## What you are asked to do
Every single record needs to be restated word for word.

Short text fragments from websites
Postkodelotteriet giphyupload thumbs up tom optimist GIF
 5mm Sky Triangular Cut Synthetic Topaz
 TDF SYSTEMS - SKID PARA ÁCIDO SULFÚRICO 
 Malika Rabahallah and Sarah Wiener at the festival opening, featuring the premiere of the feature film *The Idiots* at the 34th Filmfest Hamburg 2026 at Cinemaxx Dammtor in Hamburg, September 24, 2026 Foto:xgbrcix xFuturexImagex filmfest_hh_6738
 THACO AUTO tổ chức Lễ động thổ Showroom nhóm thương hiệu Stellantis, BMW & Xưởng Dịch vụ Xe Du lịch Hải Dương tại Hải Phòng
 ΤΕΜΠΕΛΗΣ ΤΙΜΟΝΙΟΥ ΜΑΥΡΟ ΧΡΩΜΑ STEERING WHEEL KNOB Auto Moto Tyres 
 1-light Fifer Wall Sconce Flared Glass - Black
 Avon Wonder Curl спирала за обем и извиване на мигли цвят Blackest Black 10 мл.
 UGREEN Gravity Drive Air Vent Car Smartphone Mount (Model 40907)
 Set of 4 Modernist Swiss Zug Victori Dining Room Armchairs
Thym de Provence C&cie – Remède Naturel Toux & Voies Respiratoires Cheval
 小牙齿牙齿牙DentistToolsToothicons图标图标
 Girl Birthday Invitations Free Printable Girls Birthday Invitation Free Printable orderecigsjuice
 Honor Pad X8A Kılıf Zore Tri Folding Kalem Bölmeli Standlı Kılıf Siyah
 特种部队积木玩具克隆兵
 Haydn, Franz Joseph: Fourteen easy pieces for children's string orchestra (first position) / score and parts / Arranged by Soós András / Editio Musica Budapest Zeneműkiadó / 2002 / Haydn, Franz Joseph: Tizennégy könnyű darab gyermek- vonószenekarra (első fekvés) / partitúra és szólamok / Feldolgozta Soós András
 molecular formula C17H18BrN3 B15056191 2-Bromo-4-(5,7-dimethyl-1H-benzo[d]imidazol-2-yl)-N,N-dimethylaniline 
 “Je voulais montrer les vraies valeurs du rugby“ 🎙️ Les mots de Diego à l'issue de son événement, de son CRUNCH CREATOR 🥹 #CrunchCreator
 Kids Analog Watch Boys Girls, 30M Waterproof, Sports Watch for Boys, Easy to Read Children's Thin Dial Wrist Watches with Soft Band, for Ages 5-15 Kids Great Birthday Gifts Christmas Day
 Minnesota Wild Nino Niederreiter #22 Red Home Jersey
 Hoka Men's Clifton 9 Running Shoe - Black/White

## The answer
Postkodelotteriet giphyupload thumbs up tom optimist GIF
 5mm Sky Triangular Cut Synthetic Topaz
 TDF SYSTEMS - SKID PARA ÁCIDO SULFÚRICO 
 Malika Rabahallah and Sarah Wiener at the festival opening, featuring the premiere of the feature film *The Idiots* at the 34th Filmfest Hamburg 2026 at Cinemaxx Dammtor in Hamburg, September 24, 2026 Foto:xgbrcix xFuturexImagex filmfest_hh_6738
 THACO AUTO tổ chức Lễ động thổ Showroom nhóm thương hiệu Stellantis, BMW & Xưởng Dịch vụ Xe Du lịch Hải Dương tại Hải Phòng
 ΤΕΜΠΕΛΗΣ ΤΙΜΟΝΙΟΥ ΜΑΥΡΟ ΧΡΩΜΑ STEERING WHEEL KNOB Auto Moto Tyres 
 1-light Fifer Wall Sconce Flared Glass - Black
 Avon Wonder Curl спирала за обем и извиване на мигли цвят Blackest Black 10 мл.
 UGREEN Gravity Drive Air Vent Car Smartphone Mount (Model 40907)
 Set of 4 Modernist Swiss Zug Victori Dining Room Armchairs
Thym de Provence C&cie – Remède Naturel Toux & Voies Respiratoires Cheval
 小牙齿牙齿牙DentistToolsToothicons图标图标
 Girl Birthday Invitations Free Printable Girls Birthday Invitation Free Printable orderecigsjuice
 Honor Pad X8A Kılıf Zore Tri Folding Kalem Bölmeli Standlı Kılıf Siyah
 特种部队积木玩具克隆兵
 Haydn, Franz Joseph: Fourteen easy pieces for children's string orchestra (first position) / score and parts / Arranged by Soós András / Editio Musica Budapest Zeneműkiadó / 2002 / Haydn, Franz Joseph: Tizennégy könnyű darab gyermek- vonószenekarra (első fekvés) / partitúra és szólamok / Feldolgozta Soós András
 molecular formula C17H18BrN3 B15056191 2-Bromo-4-(5,7-dimethyl-1H-benzo[d]imidazol-2-yl)-N,N-dimethylaniline 
 “Je voulais montrer les vraies valeurs du rugby“ 🎙️ Les mots de Diego à l'issue de son événement, de son CRUNCH CREATOR 🥹 #CrunchCreator
 Kids Analog Watch Boys Girls, 30M Waterproof, Sports Watch for Boys, Easy to Read Children's Thin Dial Wrist Watches with Soft Band, for Ages 5-15 Kids Great Birthday Gifts Christmas Day
 Minnesota Wild Nino Niederreiter #22 Red Home Jersey
 Hoka Men's Clifton 9 Running Shoe - Black/White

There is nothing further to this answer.